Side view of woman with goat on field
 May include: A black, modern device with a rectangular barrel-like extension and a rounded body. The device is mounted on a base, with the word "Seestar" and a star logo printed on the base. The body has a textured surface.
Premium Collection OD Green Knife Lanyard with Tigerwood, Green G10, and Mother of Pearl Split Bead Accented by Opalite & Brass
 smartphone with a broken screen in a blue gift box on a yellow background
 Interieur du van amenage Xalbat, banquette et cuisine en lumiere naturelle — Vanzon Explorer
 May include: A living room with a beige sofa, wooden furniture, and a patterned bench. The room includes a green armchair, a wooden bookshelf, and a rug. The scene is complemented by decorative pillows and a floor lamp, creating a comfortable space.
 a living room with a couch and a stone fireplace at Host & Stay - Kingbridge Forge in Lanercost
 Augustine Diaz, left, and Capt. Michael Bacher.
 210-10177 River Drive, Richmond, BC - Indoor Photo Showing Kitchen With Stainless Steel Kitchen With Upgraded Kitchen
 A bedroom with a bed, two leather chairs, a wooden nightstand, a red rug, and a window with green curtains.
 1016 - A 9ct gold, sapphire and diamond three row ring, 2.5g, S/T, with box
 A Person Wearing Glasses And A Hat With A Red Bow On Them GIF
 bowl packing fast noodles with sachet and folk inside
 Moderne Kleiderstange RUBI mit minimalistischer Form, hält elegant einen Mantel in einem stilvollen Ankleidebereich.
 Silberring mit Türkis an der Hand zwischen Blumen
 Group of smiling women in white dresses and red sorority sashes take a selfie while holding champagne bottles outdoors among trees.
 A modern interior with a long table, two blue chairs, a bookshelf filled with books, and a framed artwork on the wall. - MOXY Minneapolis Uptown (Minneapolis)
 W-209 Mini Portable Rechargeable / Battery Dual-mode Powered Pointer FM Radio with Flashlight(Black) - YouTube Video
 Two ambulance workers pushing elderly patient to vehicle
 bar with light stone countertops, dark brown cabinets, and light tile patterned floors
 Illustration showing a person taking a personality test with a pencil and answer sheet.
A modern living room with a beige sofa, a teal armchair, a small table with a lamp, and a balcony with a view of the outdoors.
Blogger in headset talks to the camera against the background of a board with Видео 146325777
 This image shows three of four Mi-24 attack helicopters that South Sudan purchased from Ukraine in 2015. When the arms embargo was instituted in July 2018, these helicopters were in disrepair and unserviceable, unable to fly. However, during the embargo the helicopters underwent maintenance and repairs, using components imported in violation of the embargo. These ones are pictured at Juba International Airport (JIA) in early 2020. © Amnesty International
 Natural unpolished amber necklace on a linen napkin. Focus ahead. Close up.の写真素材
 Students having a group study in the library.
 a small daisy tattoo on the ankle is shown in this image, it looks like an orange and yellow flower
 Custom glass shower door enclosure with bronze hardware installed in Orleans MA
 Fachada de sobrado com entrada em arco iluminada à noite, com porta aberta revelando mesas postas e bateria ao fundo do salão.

_Work to be completed_
Output all of the data in full, exactly as given.

_Answer space_
Side view of woman with goat on field
 May include: A black, modern device with a rectangular barrel-like extension and a rounded body. The device is mounted on a base, with the word "Seestar" and a star logo printed on the base. The body has a textured surface.
Premium Collection OD Green Knife Lanyard with Tigerwood, Green G10, and Mother of Pearl Split Bead Accented by Opalite & Brass
 smartphone with a broken screen in a blue gift box on a yellow background
 Interieur du van amenage Xalbat, banquette et cuisine en lumiere naturelle — Vanzon Explorer
 May include: A living room with a beige sofa, wooden furniture, and a patterned bench. The room includes a green armchair, a wooden bookshelf, and a rug. The scene is complemented by decorative pillows and a floor lamp, creating a comfortable space.
 a living room with a couch and a stone fireplace at Host & Stay - Kingbridge Forge in Lanercost
 Augustine Diaz, left, and Capt. Michael Bacher.
 210-10177 River Drive, Richmond, BC - Indoor Photo Showing Kitchen With Stainless Steel Kitchen With Upgraded Kitchen
 A bedroom with a bed, two leather chairs, a wooden nightstand, a red rug, and a window with green curtains.
 1016 - A 9ct gold, sapphire and diamond three row ring, 2.5g, S/T, with box
 A Person Wearing Glasses And A Hat With A Red Bow On Them GIF
 bowl packing fast noodles with sachet and folk inside
 Moderne Kleiderstange RUBI mit minimalistischer Form, hält elegant einen Mantel in einem stilvollen Ankleidebereich.
 Silberring mit Türkis an der Hand zwischen Blumen
 Group of smiling women in white dresses and red sorority sashes take a selfie while holding champagne bottles outdoors among trees.
 A modern interior with a long table, two blue chairs, a bookshelf filled with books, and a framed artwork on the wall. - MOXY Minneapolis Uptown (Minneapolis)
 W-209 Mini Portable Rechargeable / Battery Dual-mode Powered Pointer FM Radio with Flashlight(Black) - YouTube Video
 Two ambulance workers pushing elderly patient to vehicle
 bar with light stone countertops, dark brown cabinets, and light tile patterned floors
 Illustration showing a person taking a personality test with a pencil and answer sheet.
A modern living room with a beige sofa, a teal armchair, a small table with a lamp, and a balcony with a view of the outdoors.
Blogger in headset talks to the camera against the background of a board with Видео 146325777
 This image shows three of four Mi-24 attack helicopters that South Sudan purchased from Ukraine in 2015. When the arms embargo was instituted in July 2018, these helicopters were in disrepair and unserviceable, unable to fly. However, during the embargo the helicopters underwent maintenance and repairs, using components imported in violation of the embargo. These ones are pictured at Juba International Airport (JIA) in early 2020. © Amnesty International
 Natural unpolished amber necklace on a linen napkin. Focus ahead. Close up.の写真素材
 Students having a group study in the library.
 a small daisy tattoo on the ankle is shown in this image, it looks like an orange and yellow flower
 Custom glass shower door enclosure with bronze hardware installed in Orleans MA
 Fachada de sobrado com entrada em arco iluminada à noite, com porta aberta revelando mesas postas e bateria ao fundo do salão.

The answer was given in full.